Componential Analysis of American Kinship Terms


 

Testing Models Against Data

According to Wallace and Atkins (1960), the male terms in the American kinship system are completely described by their values along two dimensions: generation and lineality.

  Lineal Collineal Ablineal
2 above GrFa    
1 above Fa Un  
same   Br Co
1 below So Ne  
2 below GrSo    

Lineals are persons who are direct ancestors or descendents of ego. Collineals are nonlineals all of whose ancestors include or are included in all ancestors of ego. Ablineals are consanguineal relatives who are neither lineals nor collineals.

According to Romney & D'Andrade (1964), the male terms are best described in three dimensions: generation (3 values), lineality (2 values), role reciprocal (2 values), as follows:

  Direct Collateral
  +Recip -Recip +Recip -Recip
Over 2 GrFa GrSo    
Over 1 Fa So Un Ne
0 Brother Cousin

To test the models, the researchers administered a triad test using the 8 terms (56 triads in total, each pair occurs 6 times). Then they filled out a triad test for each model -- based on the assumption that the item most different in the triad is the one most different along the underlying dimensions proposed by each model.

Consider, for example, this triad:

GrFa GrSo Fa

According to the Wallace-Atkins model, the semantic distances among the three terms are:

GrFa GrSo Fa
GrFa 0 4 1
GrSo 4 0 3
Fa 1 3 0

The numbers refer to the number of steps separating the items in the componential grid. (They are known as city block or manhattan distances). Since (GrFa, Fa) is the most similar pair, the model predicts that GrSo will be picked as the item most different. Thus, if 100 respondents fill out this part of the triad questionnaire, the expected frequencies are:

Triad: GrFa GrSo Fa
Frequencies: 0 100 0

In contrast, according to the Romney-D'Andrade model, the semantic distances among the terms are:

GrFa GrSo Fa
GrFa 0 1 1
GrSo 1 0 2
Fa 1 2 0

Since (GrSo,Fa) is the least similar, it is predicted that GrFa will NOT be picked. However, both (GrFa,GrSo) and (GrFa,Fa) are equally similar, so it is predicted that people will be indifferent between Fa and GrSo, and they will be chosen with equal probability. Hence, with 100 respondents, the expected frequencies are:

Triad: GrFa GrSo Fa
Frequencies: 0 50 50

These frequencies are obviously different from those predicted by the Wallace-Atkins model, and provide a basis for comparison. Correlating the predicted values for each model with the results obtained from two different triad experiments gave these results:

Wallace-Atkins Romney-D'Andrade
Experiment 1 (N=116) .33 .86
Experiment 2 (N=155) .40 .84

Incidentally, none of the models weight one dimension over another. If use a regression technique to find the right weights for each dimension, both models become more accurate, but the Romney-D'Andrade model still fits considerably better.

 

Intracultural Variation

Romney and Wexler reanalyzed the data to look at individual variation. For each pair of respondents, they computed the percent of triads that they gave the same answer for. Here is an MDS of the 35 males in the sample, where the closer two people are, the more similar their answers.

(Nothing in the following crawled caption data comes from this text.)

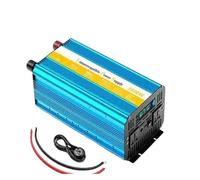 Convertitore Inverter Potenza Per Auto Da 12 V CC A CA 220 V Caricabatteria UPS Da 1000 W 2000 W 3000 W Inverter A Onda Sinusoidale Pura Power Inverter(12V,220V-230V(50HZ),6000W 3000W)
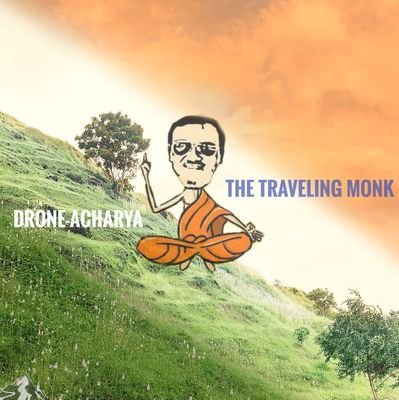 Commander OP Singh (Retd) | The Traveling Monk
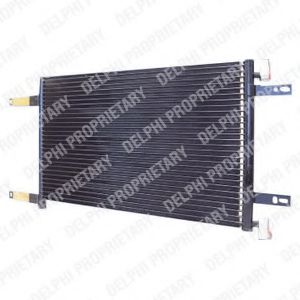 кондензатор, климатизация TSP0225487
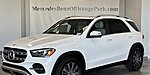 New 2026 MERCEDES-BENZ GLE GLE 350 in JACKSONVILLE , FLORIDA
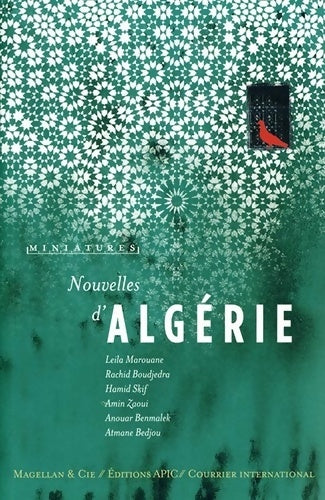 Livrenpoche : Nouvelles d'Algérie - Leïla Marouane - Livre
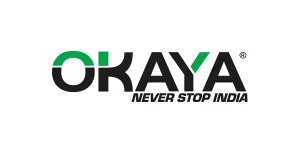 Logotipo de Okaya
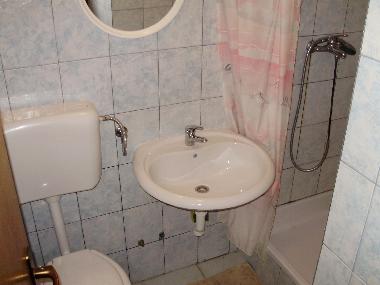 Appartement de vacances �/en/au Vodice (Sibensko-Kninska)ou appartement ou maison de vacances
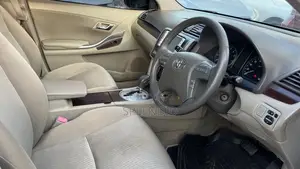 Toyota Premio 2010 Silver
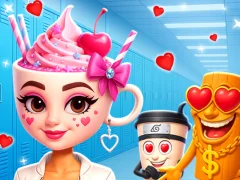 Joc From Nerd to Popular Ballerina Cappuccina on-line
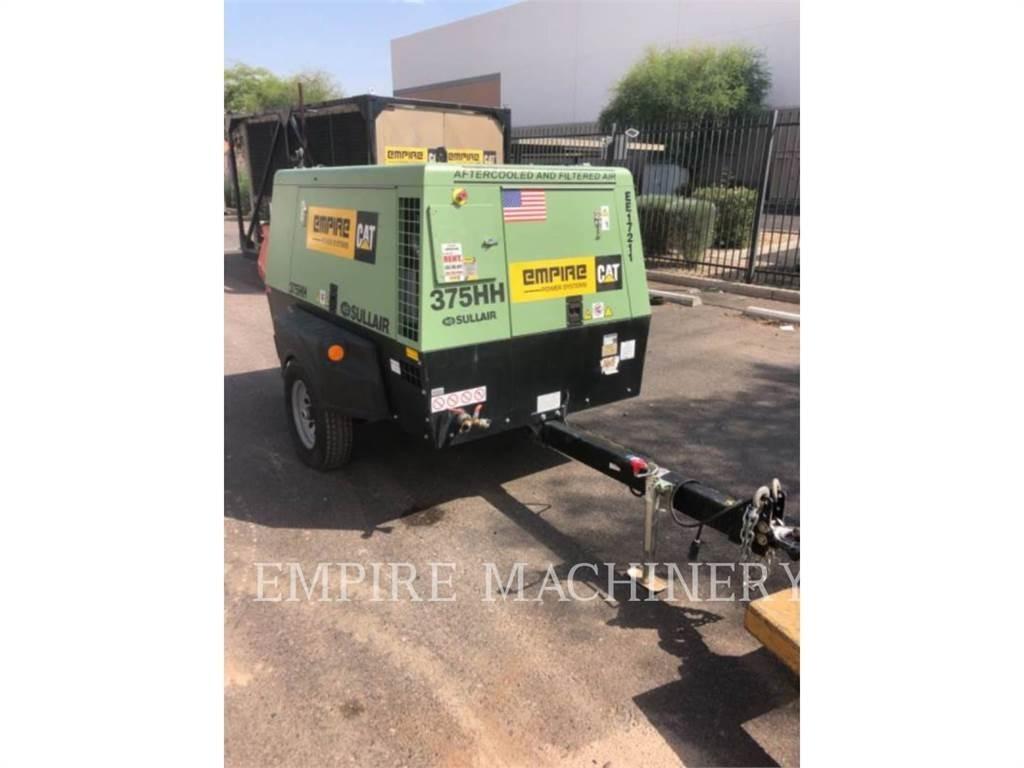 Sullair DPQ375HHAF Kompresory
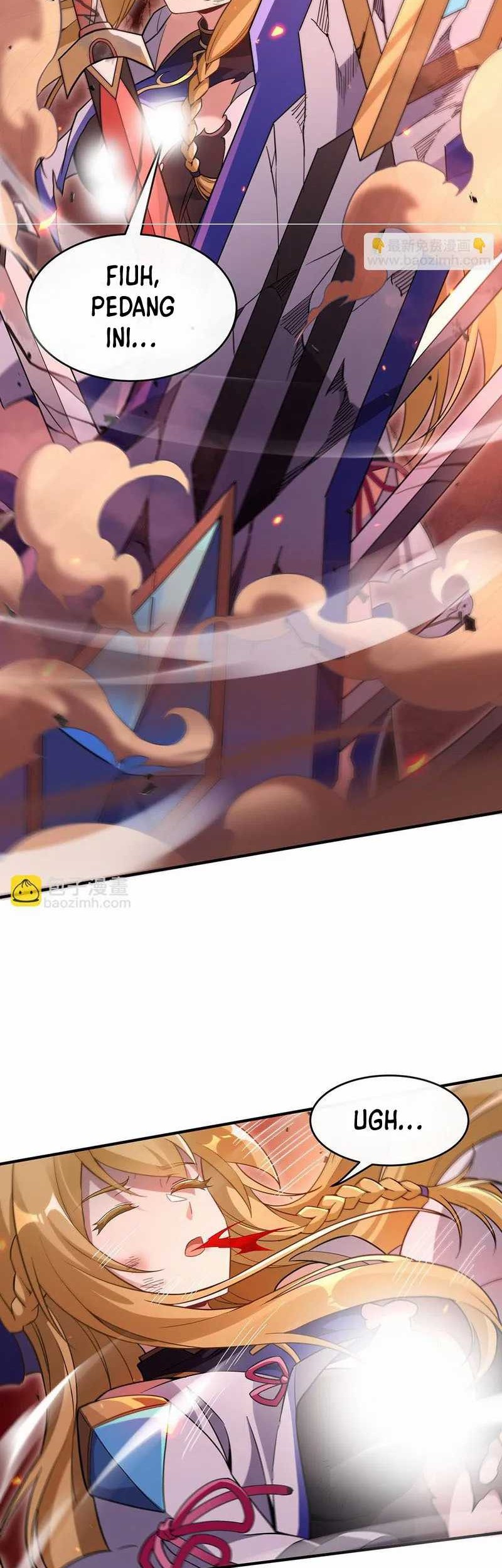 My Female Apprentices Are All Big Shots From the Future Chapter 223 - halaman 11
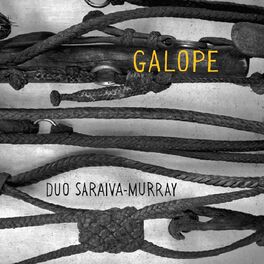 Album cover of Galope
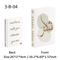 Luxury Decorative Book Box Islamic Kaaba Design Coffee Table Storage Decor 4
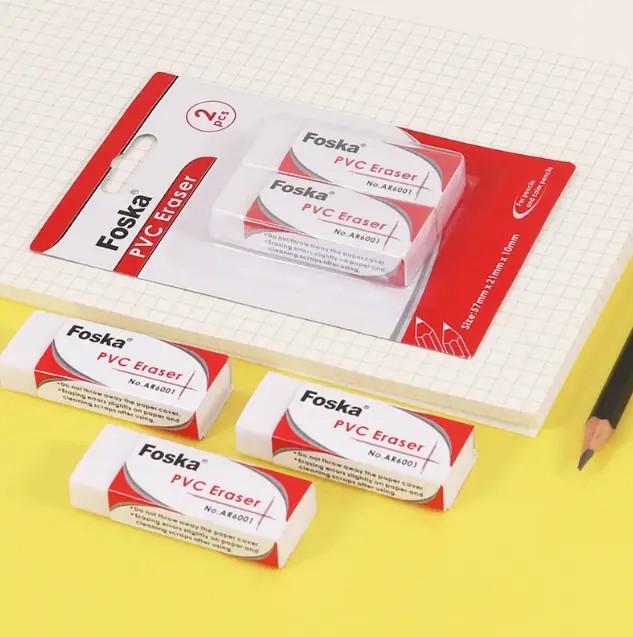 2 FOSKA ERASER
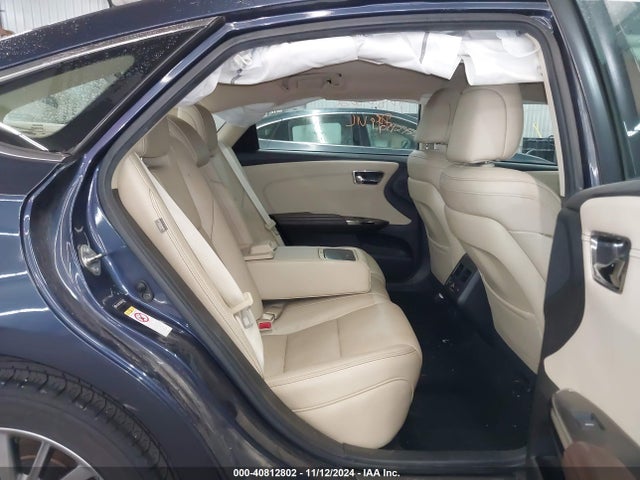 4T1BD1EB9GU050570 Toyota Avalon Hybrid Limited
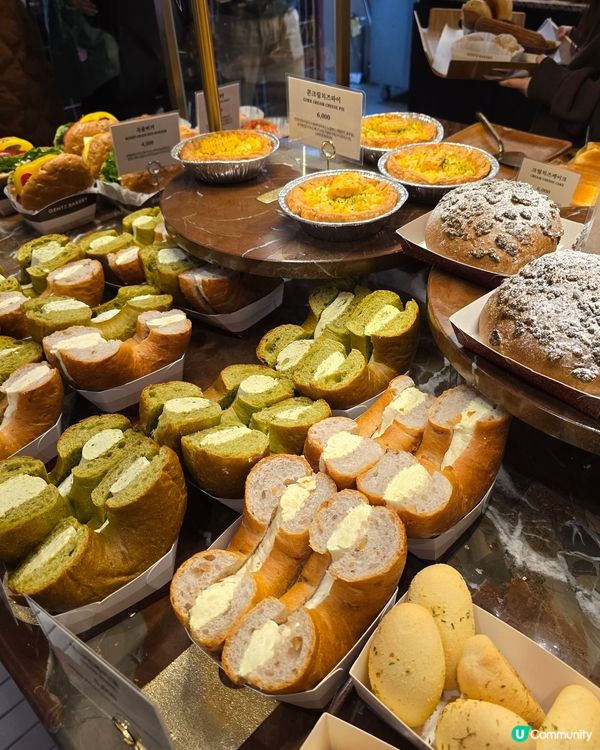 ✨🥐 釜山必食！GENTZ BAKERY 甜到你心坎裏 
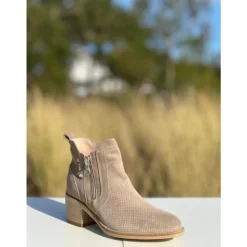 Creta Heeled Boot
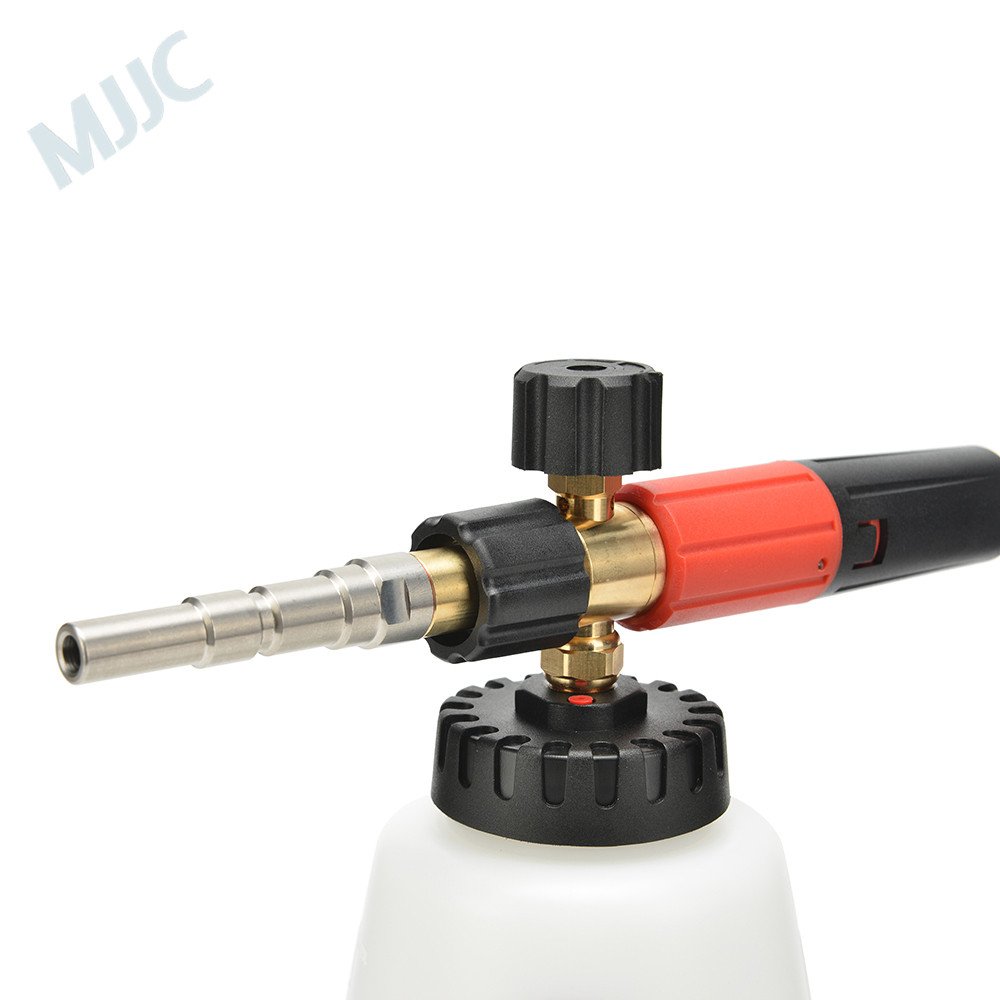 Foam Cannon Pro Инжектор пенный с ниппелем KW MJJC, картинка 5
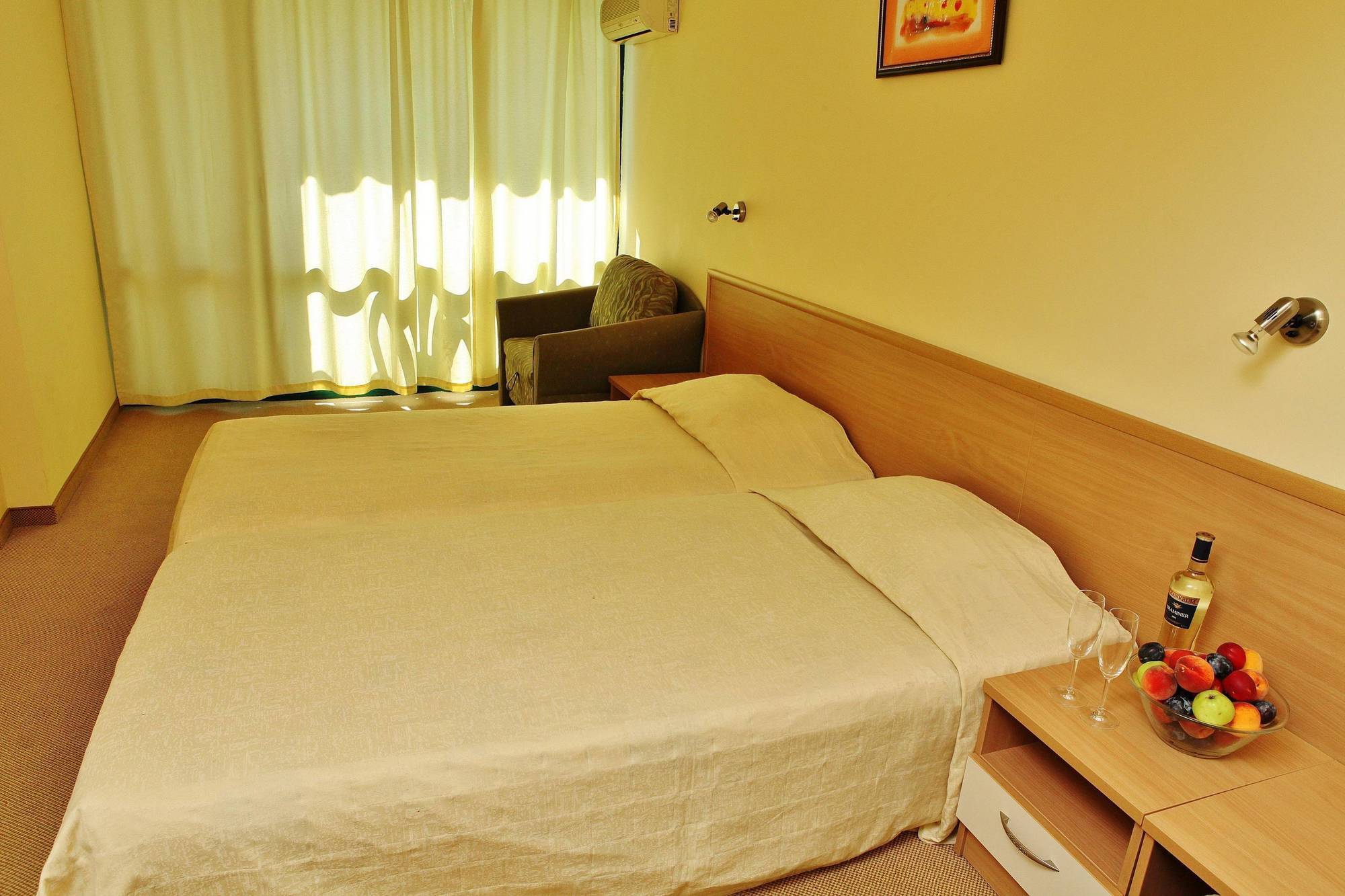 Hotel Aktinia Słoneczny Brzeg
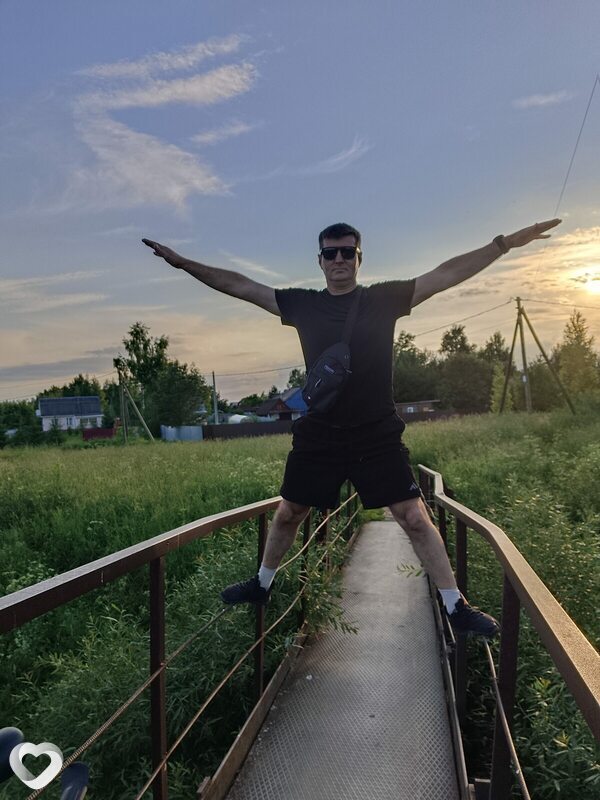 Дмитрий, 50, Вологде — анкета №1706585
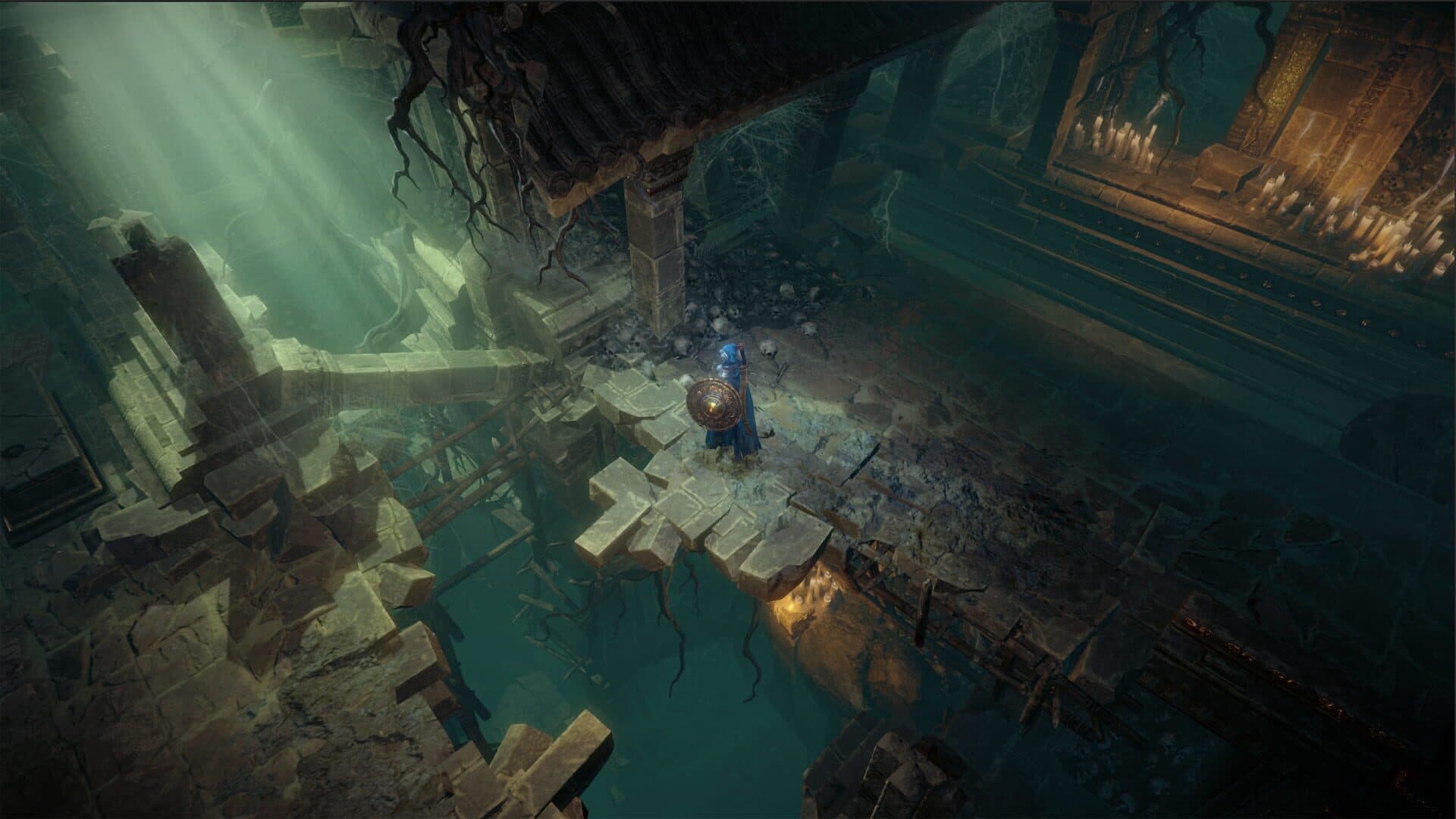 Shadows: Awakening screenshot 1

As you can see, there were two groups, or perhaps a core group and a peripheral group. The labels for the points are actually a ratio of the number of times the person agreed with the Romney-D'Andrade model divided by the number of times they agreed with the Wallace-Atkins model. To numbers greater than 1 indicate Romney-D'Andrade people. As you can see, the group on the left tended to agree with Romney-D'Andrade, but the group on the right had some (though not much) sympathy for Wallace-Atkins. Perhaps there are two cultural models in existence.

Here is the MDS for 35 females:

Once again, there is a core group that is highly correlated with the Romney-D'Andrade model, but there are some people whose responses are closer to the Wallace-Atkins model than the core group.

For both the males and females, however, there do not appear to be any persons whose answers strongly resemble the Wallace-Atkins model. On further analysis, it appears that the 30% of respondents whose responses follow W-A as much as R-D'A, what is happening is that for those triads where multiple responses are possible under R-D'A, these 30% of respondents do not choose randomly but rather consistently choose according to model W-A predictions.